First of all, when a gas is cooled or compressed, it becomes a liquid (in rare instances changing directly to a solid). For example, when air is compressed and cooled, it becomes liquid air, and when carbon dioxide is cooled, it becomes a snow-like solid (dry ice). These phenomena indicate that the molecules attract each other. This force is called intermolecular force, or Van der Waals force (Van der Waals, 1837 to 1923). This intermolecular force is created only when molecules are contiguous, and is rarely created when the intermolecular distance is great. Therefore, in solids and liquids, intermolecular force results in molecules being held almost immobile or merely able to flow. When the substance becomes a gas, the molecule can fly about almost freely (although within the range of mean free path (4) ). For example, butane (C4H10) boils at 10°C , and at room temperature is a gas, but is a liquid in a gas lighter. This is because the butane is compressed and put into the lighter, forcibly reducing the intermolecular distance between the butane molecules. This compression creates intermolecular force, forming a liquid and making it possible to insert 200 times as much butane into the lighter.

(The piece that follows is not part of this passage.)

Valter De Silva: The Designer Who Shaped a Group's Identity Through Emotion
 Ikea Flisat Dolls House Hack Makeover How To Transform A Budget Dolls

Fig. 3 1 mol of butane (liquid and gas) Fig. 4 Intermolecular distance
  Intermolecular force is strongly affected by intermolecular distance, and is inversely proportional to the intermolecular distance raised to the power of 7. For example, if the intermolecular distance is doubled, the intermolecular force becomes 1/27 , i.e., 1/128. Intermolecular distance is a weaker force than chemical bonds (ionic bonds (5) , covalent bonds (6) , and metallic bonds (7) ), but it is incomparably stronger than universal gravity. However, coming too close together creates repulsion force, so molecules can't approach closer than a certain uniform distance. The atomic radius determined from this distance is called the Van der Waals radius,which is considerably larger than the covalent bond radius.
  We don't have room to go more into detail on this subject here, so if you would like to go into more detail on any of these items, please refer to other sources.
  By the way, water undergoes a change in volume when changing from a liquid to a gaseous phase or to a solid phase, and because of that exerts an extremely strong mechanical force on its surroundings. Also, existing at the boundaries of the various changes are special characteristics such as the appropriate gain and loss of kinetic energy as latent heat (8) in cases in which there is no temperature change. Another current problem is that even when the amount of moisture is insufficient to cause problems as independent water, when combined with other major factors it can form a complex environment with properties that severely affect electrical and electronic products.